Tuxedo Park
Loomis, a Harvard lawyer from a well-to-do WASP family, went from practicing law to doing artillery research in WWI to one of the most spectacular accumulations of Wall Street wealth in the go-go 1920's. He personally drove the creation of the electric utility industry and helped form or run most of the major Wall Street banks of the day (nearly all of which are still with us in original or merged form). Smart enough to see the 1929 crash coming, he sold his stocks early and entered the depression worth $50-100 million, all in cash.
How did he use this money ? By retiring to his real love, science and inventing, eventually being elected to the National Academy of Science.

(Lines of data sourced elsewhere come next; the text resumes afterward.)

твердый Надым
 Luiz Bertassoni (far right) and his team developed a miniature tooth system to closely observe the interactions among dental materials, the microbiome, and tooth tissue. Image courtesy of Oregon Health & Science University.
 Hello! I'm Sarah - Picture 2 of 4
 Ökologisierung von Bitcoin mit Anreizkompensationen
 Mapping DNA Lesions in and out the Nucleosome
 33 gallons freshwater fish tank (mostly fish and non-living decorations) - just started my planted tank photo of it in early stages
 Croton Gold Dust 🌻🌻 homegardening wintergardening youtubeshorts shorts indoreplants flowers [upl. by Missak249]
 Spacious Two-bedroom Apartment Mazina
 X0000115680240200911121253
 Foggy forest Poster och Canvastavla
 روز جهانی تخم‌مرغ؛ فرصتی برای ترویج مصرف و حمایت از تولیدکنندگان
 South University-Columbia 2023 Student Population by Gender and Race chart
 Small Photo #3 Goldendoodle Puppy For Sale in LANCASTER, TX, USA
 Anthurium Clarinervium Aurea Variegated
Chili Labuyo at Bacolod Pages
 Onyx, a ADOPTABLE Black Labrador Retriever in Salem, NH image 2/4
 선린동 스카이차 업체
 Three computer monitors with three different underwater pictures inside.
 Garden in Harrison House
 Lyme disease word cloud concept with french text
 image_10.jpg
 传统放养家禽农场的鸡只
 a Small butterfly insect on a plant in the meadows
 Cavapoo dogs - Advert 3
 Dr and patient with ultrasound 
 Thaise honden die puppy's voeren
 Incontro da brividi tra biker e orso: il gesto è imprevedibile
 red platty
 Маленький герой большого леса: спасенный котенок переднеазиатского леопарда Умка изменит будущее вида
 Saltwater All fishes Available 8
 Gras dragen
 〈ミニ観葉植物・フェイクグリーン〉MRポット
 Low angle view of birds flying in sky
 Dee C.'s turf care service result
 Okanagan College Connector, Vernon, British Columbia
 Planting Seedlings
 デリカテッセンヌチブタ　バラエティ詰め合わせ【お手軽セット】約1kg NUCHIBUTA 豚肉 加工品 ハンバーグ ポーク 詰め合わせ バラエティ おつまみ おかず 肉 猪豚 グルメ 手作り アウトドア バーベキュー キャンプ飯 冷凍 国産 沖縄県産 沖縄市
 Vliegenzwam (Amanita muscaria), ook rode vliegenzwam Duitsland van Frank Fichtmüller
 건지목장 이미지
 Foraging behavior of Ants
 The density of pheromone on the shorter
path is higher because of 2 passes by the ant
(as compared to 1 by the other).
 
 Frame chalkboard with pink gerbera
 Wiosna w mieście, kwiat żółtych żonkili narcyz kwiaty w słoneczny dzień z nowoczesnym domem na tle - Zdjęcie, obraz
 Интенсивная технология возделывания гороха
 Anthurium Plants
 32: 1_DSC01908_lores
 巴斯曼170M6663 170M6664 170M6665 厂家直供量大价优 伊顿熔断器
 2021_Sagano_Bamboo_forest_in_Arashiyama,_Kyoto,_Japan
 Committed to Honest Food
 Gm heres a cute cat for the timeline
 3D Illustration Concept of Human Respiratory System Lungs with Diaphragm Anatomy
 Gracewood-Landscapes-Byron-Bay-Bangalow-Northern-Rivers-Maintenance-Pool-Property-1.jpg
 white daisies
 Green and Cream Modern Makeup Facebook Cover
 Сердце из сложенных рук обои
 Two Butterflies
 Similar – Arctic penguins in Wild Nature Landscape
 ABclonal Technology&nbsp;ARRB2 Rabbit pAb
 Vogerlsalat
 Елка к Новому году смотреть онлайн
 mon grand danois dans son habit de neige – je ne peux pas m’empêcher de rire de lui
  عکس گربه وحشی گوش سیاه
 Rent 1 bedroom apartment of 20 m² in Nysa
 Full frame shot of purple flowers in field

A brilliant man, at parties he would often play several games of chess simultaneously, with his back to the boards and while maintaining lively conversation with his other guests. When tackling scientific problems, he generated dozens of ideas to try and had dozens of teams running down these ideas, setting the stage for the Manhattan Project, which pursued all available avenues simultaneously.
During the Depression, Loomis built a huge laboratory in Tuxedo Park, a very wealthy enclave 40 miles northwest of New York City. The first gated community, it was largely populated by the Rockefellers, Morgans, and other rich scions of industry and finance. Considered the premier research establishment of its day, a typical day at the lab featured visits by Fermi, Lawrence, Einstein, Bohr, and scores of others, all helping Loomis work on important problems of the day.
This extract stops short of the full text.